To do
An exact copy of the data is required, with no pictures in it.

Provided data
+ + + + +

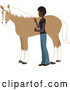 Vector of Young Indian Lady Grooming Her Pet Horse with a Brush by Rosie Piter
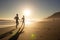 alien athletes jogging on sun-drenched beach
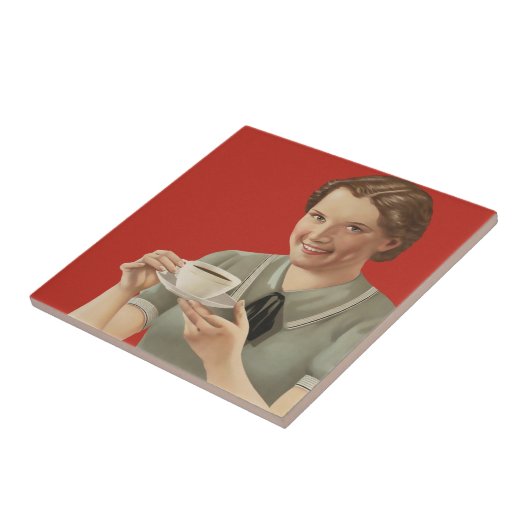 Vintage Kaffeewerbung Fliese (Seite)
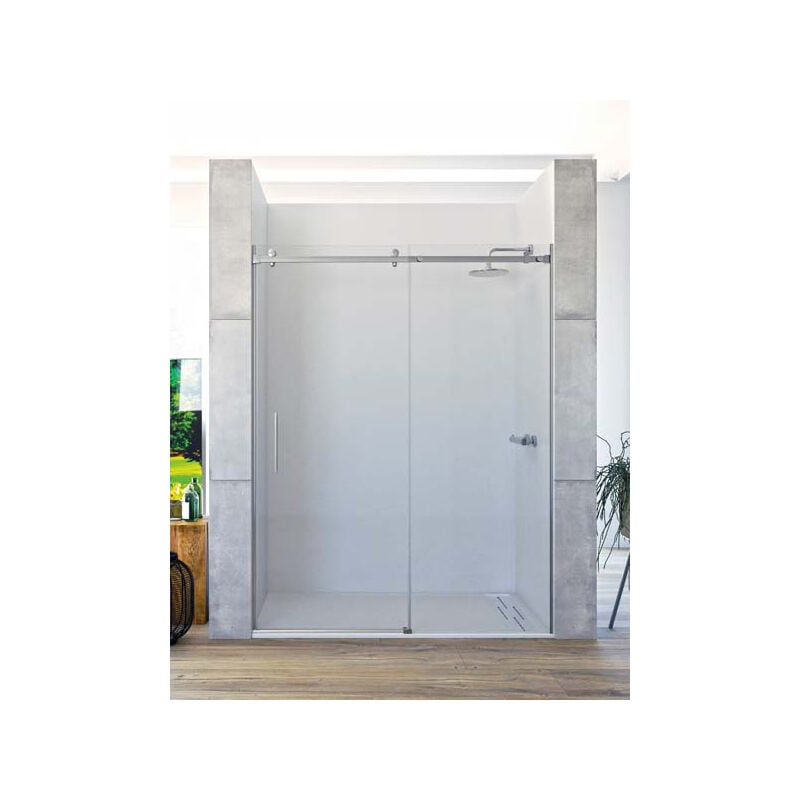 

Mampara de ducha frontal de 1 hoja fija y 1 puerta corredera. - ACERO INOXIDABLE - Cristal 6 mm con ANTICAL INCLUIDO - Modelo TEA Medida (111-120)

+ + + + +

Task result
 Vector of Young Indian Lady Grooming Her Pet Horse with a Brush by Rosie Piter
 alien athletes jogging on sun-drenched beach
 Vintage Kaffeewerbung Fliese (Seite)

Mampara de ducha frontal de 1 hoja fija y 1 puerta corredera. - ACERO INOXIDABLE - Cristal 6 mm con ANTICAL INCLUIDO - Modelo TEA Medida (111-120)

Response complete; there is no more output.